Die Zahl der Schleuser-Verfahren, die bei der Staatsanwaltschaft Traunstein eingegangen sind, ist in den vergangenen Jahren kontinuierlich gestiegen.

Schleuser-Kontrollen: Innenministerium hofft auf Abschreckung

Trotz der gesunkenen Zahl an Schleuser-Fällen in diesem Jahr kann noch keine positive Aussage für das gesamte Jahr getroffen werden. Wie Vietze erklärt, ist die Zahl der Schleuser-Haft-Sachen im Jahr 2023 erst im Herbst rasant gestiegen. Für die Staatsanwaltschaft bedeuten die zahlreichen Fälle außerdem eine enorme Arbeitsbelastung. „Da im vergangenen Jahr die sehr hohe Anzahl von 805 Schleuserverfahren bei der Staatsanwaltschaft Traunstein eingegangen ist, waren auch noch im ersten Halbjahr 2024 nicht nur die Spezialstaatsanwältinnen und -staatsanwälte aus der Schleusungsabteilung mit diesen Ermittlungsverfahren beschäftigt, sondern viele weitere Kolleginnen und Kollegen der gesamten Behörde“, macht Vietze deutlich.
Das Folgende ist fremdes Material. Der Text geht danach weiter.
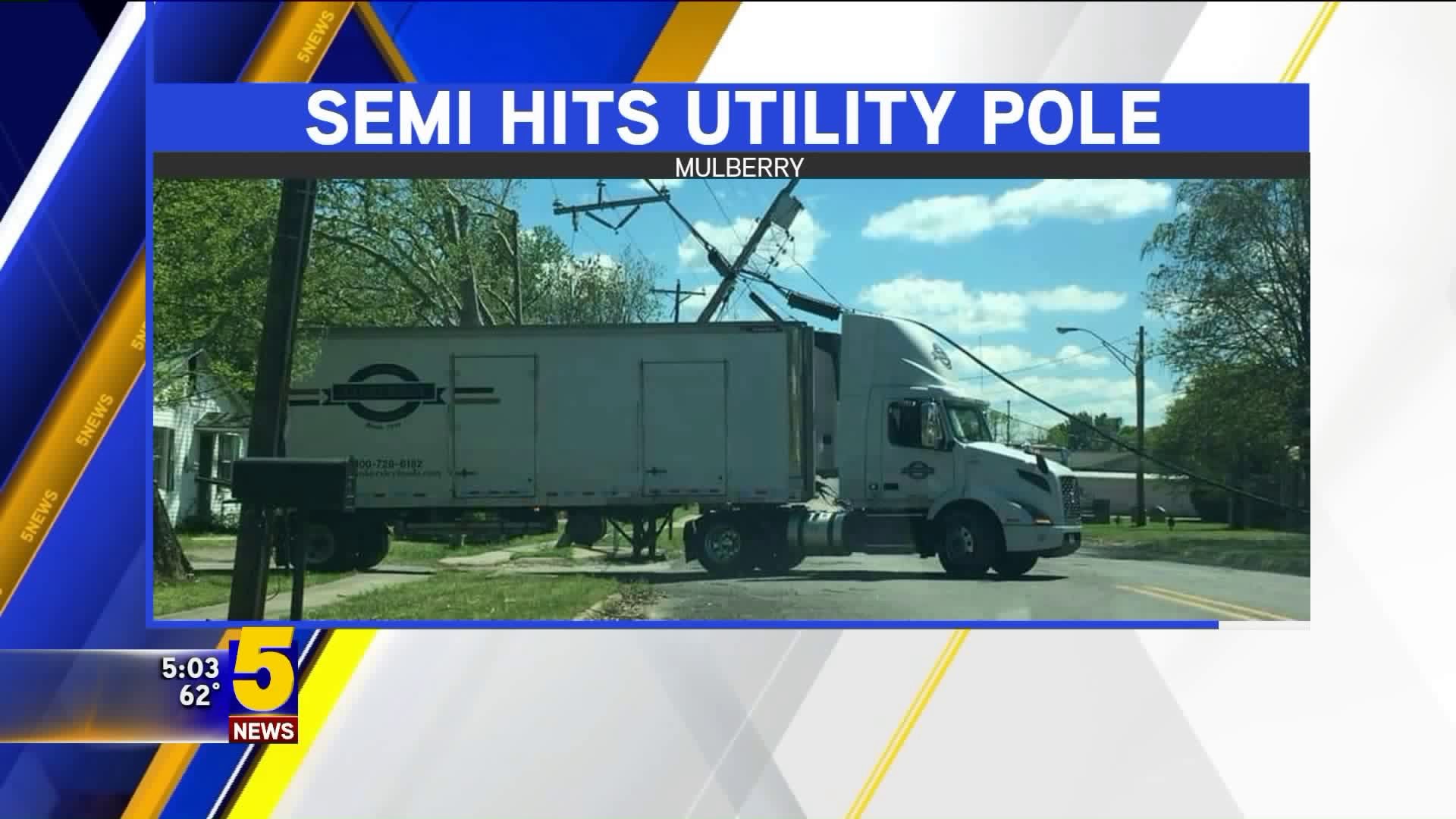 Semi Hits Utility Pole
Während die Staatsanwaltschaft in Schleuser-Fällen nahezu versinkt, hofft man beim bayerischen Innenministerium, dass die verstärkten Kontrollen früher oder später abschreckend wirken – Prävention durch Repression. „Wir hoffen, dass die Schleuser durch den hohen Verfolgungsdruck irgendwann sagen ‚Das lohnt sich nicht mehr‘“, erklärt ein Ministeriumssprecher. Ihm ist auch bewusst, dass es sich bei den Fällen um eine reine „Kontrollkriminalität“ handelt. „Wenn die Polizei nicht kontrollieren würde, gäbe es auch keine Fälle“, sagt der Sprecher. „Die Schleuser würde es aber natürlich trotzdem weiterhin geben.“ Allerdings hoffe man, dass der „Nachschub“ irgendwann nachlasse – wobei man natürlich nie wisse, wie hoch das Dunkelfeld ist.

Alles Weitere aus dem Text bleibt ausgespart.